Member of Parliament
- In office 22 July 2020 – 16 May 2024
- Constituency: District VII
- In office 30 May 1990 – 27 January 2000

Personal details
- Born: 14 November 1953 (age 72) Slavonski Brod, PR Croatia, Yugoslavia
- Party: Homeland Movement (2020-2023)
- Other political affiliations: Croatian Christian Democratic Union/Croatian Democratic Party (1990–1991); New Croatia (1999–2000); Croatian Party of Rights (2011–2020); Hrvatsko bilo (2020–2024);
- Occupation: Politician

Military service
- Allegiance: Croatia (1991) Herzeg-Bosnia (1992–1995)
- Branch/service: Croatian Defence Forces Croatian Defence Council
- Years of service: 1991–1995
- Rank: Brigadier General
- Unit: Croatian Defence Forces
- Commands: Croatian Defence Forces
- Battles/wars: Croatian War of Independence Bosnian War

= Ante Prkačin =

Croatian politician, general and businessman

Ante Prkačin (born 14 November 1953) is a Croatian politician and businessman and a former general of the Croatian Army and the Croatian Defence Council.

==Biography==
Prkačin was born in Slavonski Brod, where he also studied at the Faculty of Economics, in addition to the Faculty of Petrochemistry in Sisak.

In 1989, as a Croatian nationalist, he joined the christian democratic Croatian Democratic Party (Hrvatska demokratska stranka) and won a seat in the first assembly of the Croatian Parliament in the 1990 elections, when his party was aligned with the Coalition of People's Accord.

In the late 1991, Prkačin moved to the Croatian Party of Rights. He soon became one of its representatives in Croatian Parliament, after the second Sabor election.

In 1992, when the war escalated in Bosnia and Herzegovina, Prkačin took part as a leader of the HSP militia Croatian Defence Forces (Hrvatske obrambene snage, HOS) with the rank of general, and had close co-operation with government of Alija Izetbegović. In the fall of the same year, he was a member of the joint command of Croatian Defence Council and Army of Bosnia and Herzegovina.

After HOS was disbanded, Prkačin was commander of the defence of Posavina as HVO officer.

Upon his return to Croatia, he began to distance himself from Dobroslav Paraga and spent the rest of his time in the Sabor as independent representative.
He left HSP in 1995.

In October 1999, he founded a new party called New Croatia (Nova Hrvatska), and under its banner ran for Croatian President. In the first round of the 2000 Croatian presidential election he won just 0.28% of the vote, finishing 7th, and was eliminated.

Prkačin managed to remain in public spotlight by often appearing in various talk shows and being involved in Croatian entertainment industry. In 2001 he tried acting and played the role of a priest in a movie Slow Surrender.

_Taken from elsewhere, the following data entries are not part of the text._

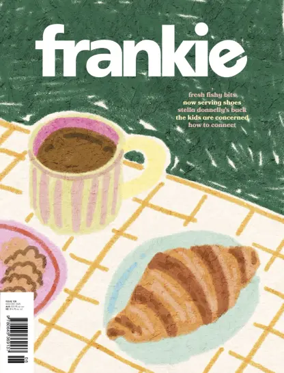 Cover of Frankie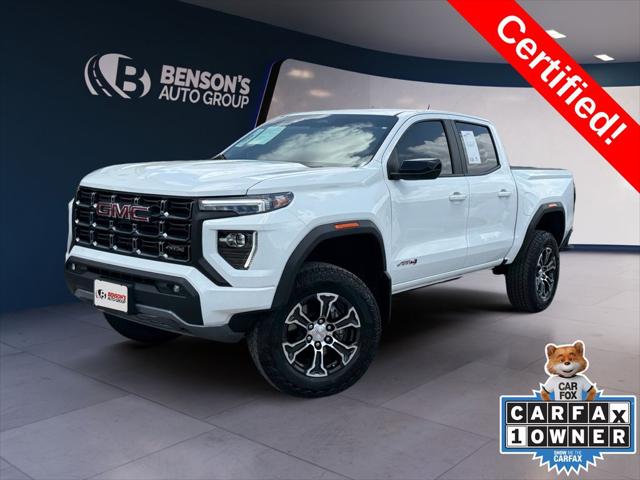 2025 GMC Canyon 4WD AT4 for sale in San Antonio, TX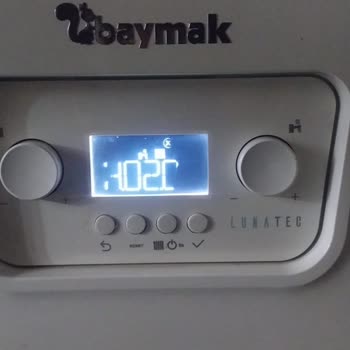 Bakım Sonrası Kombide Su Kaybı, Ekran Arızası Ve Haksız Ücret Talebi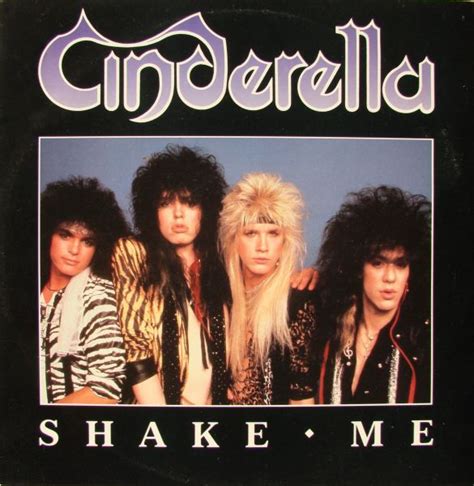 CINDERELLA Shake Me reviews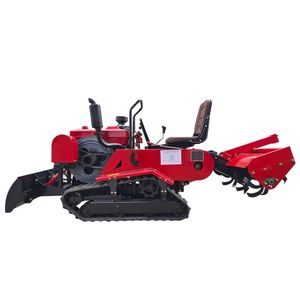 Leina Factory Machinery 25HP 35HP 50HP China Farm Tractor Agricultural Crawler Tractors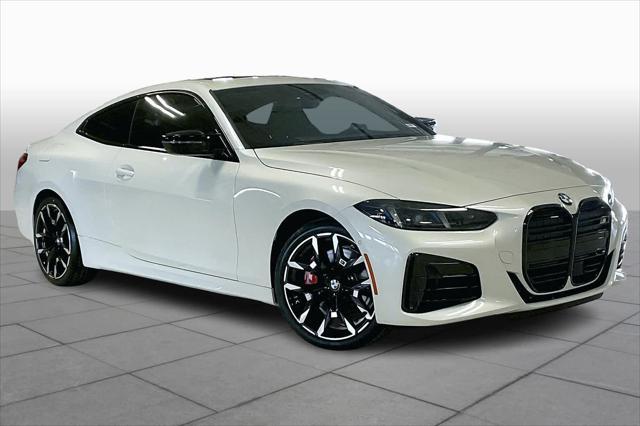 new 2025 BMW M440 car, priced at $72,890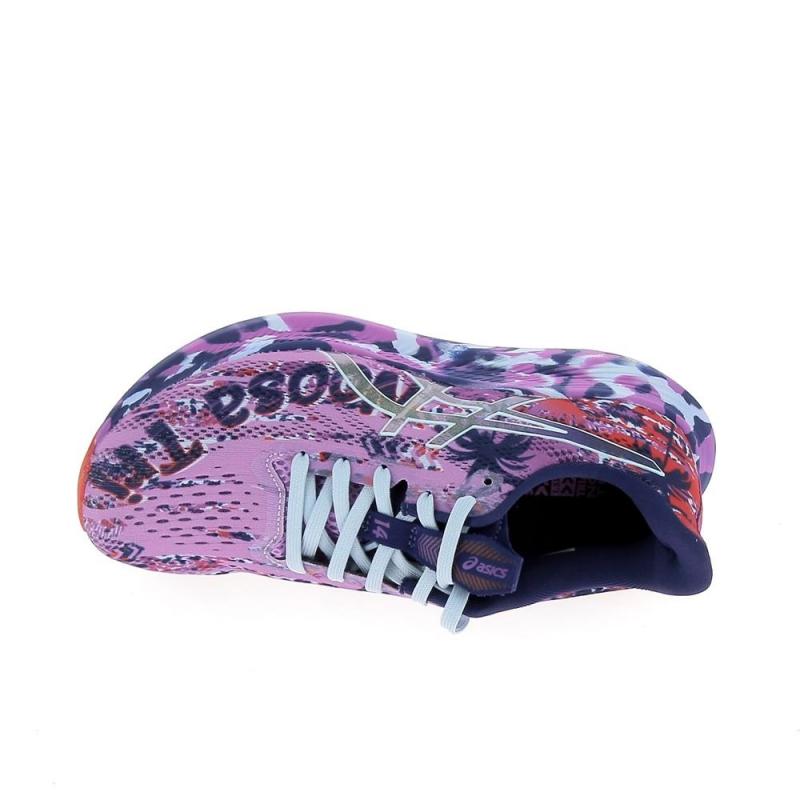 Asics gel noosa tri deals 10 violet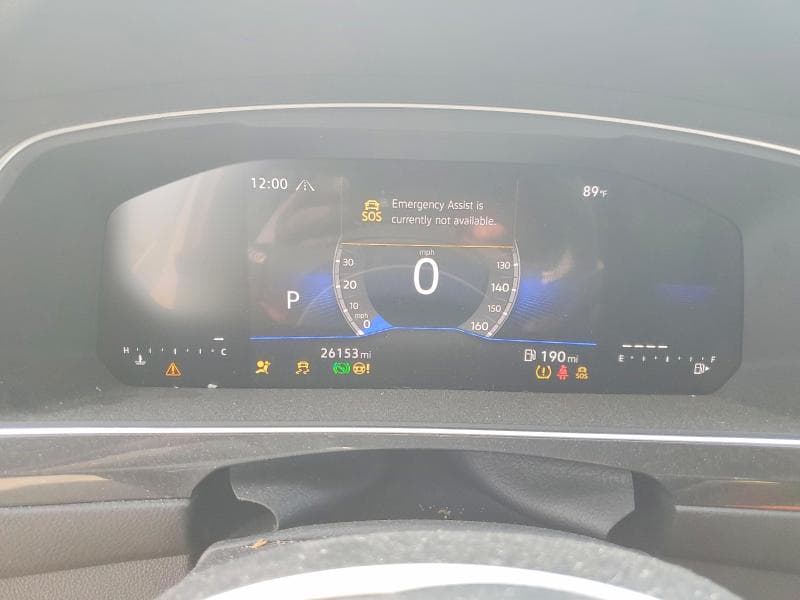 2024 VOLKSWAGEN TIGUAN SE 9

In 2004, Prkačin was briefly in the public spotlight after two of his friends engaged in an urban gunfight in Slavonski Brod because of a conflict between him and Mladen Kruljac, another officer from the Croatian war.

In January 2009, Prkačin testified as a witness before a court in Sarajevo regarding the 1999 assassination of Jozo Leutar, the then-Minister of Internal Affairs of the Federation of Bosnia and Herzegovina. Three months later, Ante Jelavić said Prkačin had implicated him and accused him of being a former member of Yugoslav secret service KOS.

In August 2009, one Sakib Balić, a former HOS soldier, publicly accused Prkačin of commanding HOS units that participated in the Sijekovac killings, when numerous Serb civilians were killed in the village of Sijekovac near Bosanski Brod on 26 March 1992. The same accusation was echoed by one Ane Mihajlović, a veteran from the Army of Republika Srpska, at the event in May 2010 when Ivo Josipović and Sulejman Tihić visited the site to pay respect to around fifty civilian victims of the March 1992 events. Prkačin denied any connection to the killings in Sijekovac. The site and the visit provoked some controversy in the Croatian public, with allegations of impropriety levelled against President Josipović and the authorities of Republika Srpska.

In 2011 Prkačin returned to Croatian Party of Rights.

In the 2020 Croatian parliamentary election, he ran as a candidate on the Homeland Movement list and won a seat in the Sabor.